**Assignment**
Of the records that follow, copy only the lines from the line containing "4610 Sunkist Road" to the line containing "Sliced apricots placed on a wooden table", both included, exactly as written.

**Dataset records**
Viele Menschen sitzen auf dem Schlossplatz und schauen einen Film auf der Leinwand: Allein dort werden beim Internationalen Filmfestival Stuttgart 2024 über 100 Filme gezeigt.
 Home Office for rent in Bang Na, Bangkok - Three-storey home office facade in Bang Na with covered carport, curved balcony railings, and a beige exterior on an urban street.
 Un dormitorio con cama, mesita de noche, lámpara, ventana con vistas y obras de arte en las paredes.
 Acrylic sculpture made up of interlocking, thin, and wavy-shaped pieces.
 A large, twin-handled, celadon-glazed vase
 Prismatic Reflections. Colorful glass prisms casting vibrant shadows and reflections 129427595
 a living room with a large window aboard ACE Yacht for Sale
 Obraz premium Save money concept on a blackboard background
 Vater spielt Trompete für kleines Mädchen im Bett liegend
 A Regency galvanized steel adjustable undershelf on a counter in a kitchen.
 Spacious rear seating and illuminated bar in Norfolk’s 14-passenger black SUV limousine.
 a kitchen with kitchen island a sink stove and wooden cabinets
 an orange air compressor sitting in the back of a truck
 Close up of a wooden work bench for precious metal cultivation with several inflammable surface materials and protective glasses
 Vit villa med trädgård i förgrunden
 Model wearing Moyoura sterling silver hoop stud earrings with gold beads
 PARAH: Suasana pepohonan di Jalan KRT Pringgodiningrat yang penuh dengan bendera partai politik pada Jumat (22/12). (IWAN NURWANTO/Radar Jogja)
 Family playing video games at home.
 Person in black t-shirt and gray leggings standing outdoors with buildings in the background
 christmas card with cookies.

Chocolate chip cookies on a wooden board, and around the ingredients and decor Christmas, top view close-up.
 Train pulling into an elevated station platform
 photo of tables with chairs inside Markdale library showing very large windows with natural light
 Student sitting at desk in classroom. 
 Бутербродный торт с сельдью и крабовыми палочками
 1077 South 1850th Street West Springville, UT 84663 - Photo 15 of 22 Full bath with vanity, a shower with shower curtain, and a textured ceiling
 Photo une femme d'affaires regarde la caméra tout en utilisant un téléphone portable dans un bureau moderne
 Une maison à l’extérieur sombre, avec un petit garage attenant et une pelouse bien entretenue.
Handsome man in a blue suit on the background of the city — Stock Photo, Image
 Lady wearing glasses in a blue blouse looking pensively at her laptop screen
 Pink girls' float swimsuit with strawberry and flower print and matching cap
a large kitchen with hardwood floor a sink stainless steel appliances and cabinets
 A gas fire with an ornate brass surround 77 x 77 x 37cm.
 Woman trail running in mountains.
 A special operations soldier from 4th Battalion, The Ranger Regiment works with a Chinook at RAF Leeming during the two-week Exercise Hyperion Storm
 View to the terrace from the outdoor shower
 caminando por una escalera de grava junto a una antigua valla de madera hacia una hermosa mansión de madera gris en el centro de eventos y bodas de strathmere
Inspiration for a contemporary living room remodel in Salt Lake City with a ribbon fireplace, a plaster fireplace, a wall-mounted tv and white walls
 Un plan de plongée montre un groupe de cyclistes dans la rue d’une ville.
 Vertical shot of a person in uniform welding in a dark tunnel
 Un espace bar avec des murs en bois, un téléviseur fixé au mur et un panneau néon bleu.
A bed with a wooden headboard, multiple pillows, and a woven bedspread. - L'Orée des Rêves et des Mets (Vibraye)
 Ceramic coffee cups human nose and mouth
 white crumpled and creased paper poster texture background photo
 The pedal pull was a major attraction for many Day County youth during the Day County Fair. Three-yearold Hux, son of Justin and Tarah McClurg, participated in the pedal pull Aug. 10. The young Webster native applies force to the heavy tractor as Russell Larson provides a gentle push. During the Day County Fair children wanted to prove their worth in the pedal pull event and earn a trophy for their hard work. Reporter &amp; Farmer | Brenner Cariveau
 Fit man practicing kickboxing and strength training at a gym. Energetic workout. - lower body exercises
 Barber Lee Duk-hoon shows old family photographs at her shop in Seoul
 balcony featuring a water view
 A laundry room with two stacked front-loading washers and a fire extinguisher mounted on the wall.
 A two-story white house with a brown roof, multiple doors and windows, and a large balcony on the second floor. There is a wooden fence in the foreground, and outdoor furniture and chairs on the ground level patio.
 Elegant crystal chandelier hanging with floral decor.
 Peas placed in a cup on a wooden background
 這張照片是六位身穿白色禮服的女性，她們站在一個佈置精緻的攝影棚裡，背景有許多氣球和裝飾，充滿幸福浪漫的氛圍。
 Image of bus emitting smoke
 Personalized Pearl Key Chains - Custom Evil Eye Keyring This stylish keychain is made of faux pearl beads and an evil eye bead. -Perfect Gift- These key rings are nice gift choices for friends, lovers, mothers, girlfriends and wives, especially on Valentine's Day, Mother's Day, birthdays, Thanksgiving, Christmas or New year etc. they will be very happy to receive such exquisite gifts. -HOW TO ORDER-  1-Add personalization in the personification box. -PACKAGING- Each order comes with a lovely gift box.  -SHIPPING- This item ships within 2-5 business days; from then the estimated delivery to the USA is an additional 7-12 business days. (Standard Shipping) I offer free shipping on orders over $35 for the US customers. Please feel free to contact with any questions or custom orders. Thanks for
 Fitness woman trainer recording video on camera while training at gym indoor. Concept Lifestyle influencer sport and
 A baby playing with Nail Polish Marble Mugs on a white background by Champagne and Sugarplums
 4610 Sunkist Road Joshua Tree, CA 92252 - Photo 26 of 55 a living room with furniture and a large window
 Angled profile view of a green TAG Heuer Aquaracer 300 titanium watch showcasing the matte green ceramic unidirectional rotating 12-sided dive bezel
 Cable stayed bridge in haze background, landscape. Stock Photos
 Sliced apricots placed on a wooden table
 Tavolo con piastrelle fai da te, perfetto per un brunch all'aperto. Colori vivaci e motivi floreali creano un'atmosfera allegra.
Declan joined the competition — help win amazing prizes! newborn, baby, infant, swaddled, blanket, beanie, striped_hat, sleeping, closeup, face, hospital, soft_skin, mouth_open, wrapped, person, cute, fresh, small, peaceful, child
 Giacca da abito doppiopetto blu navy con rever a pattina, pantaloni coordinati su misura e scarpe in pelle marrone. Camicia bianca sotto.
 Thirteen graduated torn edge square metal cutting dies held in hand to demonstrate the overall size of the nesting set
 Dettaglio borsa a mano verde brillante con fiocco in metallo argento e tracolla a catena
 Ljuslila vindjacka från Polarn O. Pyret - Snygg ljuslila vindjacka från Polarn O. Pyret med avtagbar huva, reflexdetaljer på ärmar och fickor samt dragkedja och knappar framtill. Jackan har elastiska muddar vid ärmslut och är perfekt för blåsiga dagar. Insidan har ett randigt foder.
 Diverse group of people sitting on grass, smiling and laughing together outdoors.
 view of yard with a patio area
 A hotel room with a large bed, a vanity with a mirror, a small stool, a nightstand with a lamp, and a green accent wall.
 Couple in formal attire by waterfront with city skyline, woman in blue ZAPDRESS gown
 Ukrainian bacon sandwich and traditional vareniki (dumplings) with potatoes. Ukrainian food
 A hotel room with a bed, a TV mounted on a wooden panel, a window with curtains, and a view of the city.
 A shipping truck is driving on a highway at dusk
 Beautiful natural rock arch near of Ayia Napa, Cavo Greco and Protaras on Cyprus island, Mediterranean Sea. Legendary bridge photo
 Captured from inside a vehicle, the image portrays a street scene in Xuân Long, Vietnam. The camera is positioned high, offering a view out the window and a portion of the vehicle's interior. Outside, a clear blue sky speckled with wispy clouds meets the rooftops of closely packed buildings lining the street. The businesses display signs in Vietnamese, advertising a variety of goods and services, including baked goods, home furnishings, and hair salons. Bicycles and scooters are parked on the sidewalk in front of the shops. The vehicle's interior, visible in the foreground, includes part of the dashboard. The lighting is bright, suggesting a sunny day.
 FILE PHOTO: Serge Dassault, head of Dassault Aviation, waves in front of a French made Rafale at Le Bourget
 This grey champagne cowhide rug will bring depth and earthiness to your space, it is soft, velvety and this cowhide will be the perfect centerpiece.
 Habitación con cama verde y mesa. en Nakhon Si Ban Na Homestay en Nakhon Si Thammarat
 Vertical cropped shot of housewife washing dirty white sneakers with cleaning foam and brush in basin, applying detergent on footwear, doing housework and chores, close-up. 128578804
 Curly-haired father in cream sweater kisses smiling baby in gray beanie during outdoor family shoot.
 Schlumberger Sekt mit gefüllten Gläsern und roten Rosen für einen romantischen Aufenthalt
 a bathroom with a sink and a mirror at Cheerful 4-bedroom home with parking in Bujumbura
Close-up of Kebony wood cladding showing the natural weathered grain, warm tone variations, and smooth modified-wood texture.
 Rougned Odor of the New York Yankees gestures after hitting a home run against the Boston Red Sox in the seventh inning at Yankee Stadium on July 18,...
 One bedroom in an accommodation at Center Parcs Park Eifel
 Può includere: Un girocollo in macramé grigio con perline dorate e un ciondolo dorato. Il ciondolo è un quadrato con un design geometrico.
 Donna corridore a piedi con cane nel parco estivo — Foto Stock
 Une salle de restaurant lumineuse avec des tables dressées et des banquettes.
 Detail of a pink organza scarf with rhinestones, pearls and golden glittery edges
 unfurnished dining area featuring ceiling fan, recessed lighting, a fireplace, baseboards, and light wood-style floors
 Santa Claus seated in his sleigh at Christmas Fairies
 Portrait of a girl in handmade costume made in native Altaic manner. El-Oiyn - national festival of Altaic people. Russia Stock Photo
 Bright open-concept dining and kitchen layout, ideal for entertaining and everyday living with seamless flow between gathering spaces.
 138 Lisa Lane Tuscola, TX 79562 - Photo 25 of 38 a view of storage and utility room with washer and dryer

**Task response**
 4610 Sunkist Road Joshua Tree, CA 92252 - Photo 26 of 55 a living room with furniture and a large window
 Angled profile view of a green TAG Heuer Aquaracer 300 titanium watch showcasing the matte green ceramic unidirectional rotating 12-sided dive bezel
 Cable stayed bridge in haze background, landscape. Stock Photos
 Sliced apricots placed on a wooden table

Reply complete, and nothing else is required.